June 21, 2007 (LPAC)—In London the "big players" in private equity operations had to testify to the Parliament's Treasury Select Committee yesterday, as the incoming government of Gordon Brown faces increasing pressure to close the huge tax loopholes exploited by the super-rich speculators -- although of course it was Chancellor Brown who has overseen the creation of the British "tax haven" in the first place. Four senior private equity executives, including Robert Easton of Carlyle Group, Dominic Murphy of Kohlberg Kravis Roberts, Damon Buffini of Permira, and Philip Yea of 3i, all went before the committee. These hearings in London parallel discussions which LPAC has reported from Washington. Also, just before the committee hearings, private equity baron Sir Ronald Cohen warned that there could be riots in the streets, as in Paris, if the growing wealth gap is not closed. Cohen is a big funder of Gordon Brown.

Labour MP John McFall, said to the speculators: "You're the masters of the universe. I'm asking how much capital gains tax you pay and you cannot tell me?" Under the current tax policy, the CEO's personal profits from takeovers are taxed at capital gains' rates of as little as 5%-10%, instead of 40% income tax. Since 2003 they only need to keep their investments for two years before they can cash them in and benefit from the tax break.

Unions in Britain have put on a lot of pressure about the private equity groups. The spokesman of Unite Jack Dromey said more was known about the Cosa Nostra than private equity before the unions campaigned to expose its activities, the Guardian reported. Even outgoing PM Tony Blair had to admit that there are "legitimate concerns" about the low taxes paid. Last week, the head of the British Private Equity and Venture Capital Association had to resign after failed attempts to defend the current tax situation to the Treasury Committee.
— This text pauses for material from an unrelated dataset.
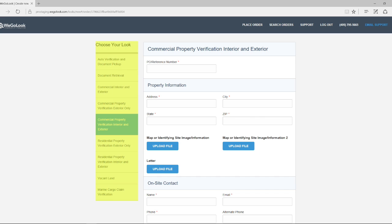Once logged in, you will see all of your available look types listed along the left side of your screen. To place an order, you will select a look type and fill in all required information.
In 2003, a Memorandum of Understanding was exchanged between the private equity "industry" and H.M. Revenue & Customs (HMRC), allowing the funds to set up offshore "collective vehicles" for investment gains, which are subject only to capital gains tax.

Yesterday, the Evening Standard published an estimate that the tax loopholes mean that Britain is losing some 6 billion pounds a year in taxes, due to breaks for the super-rich.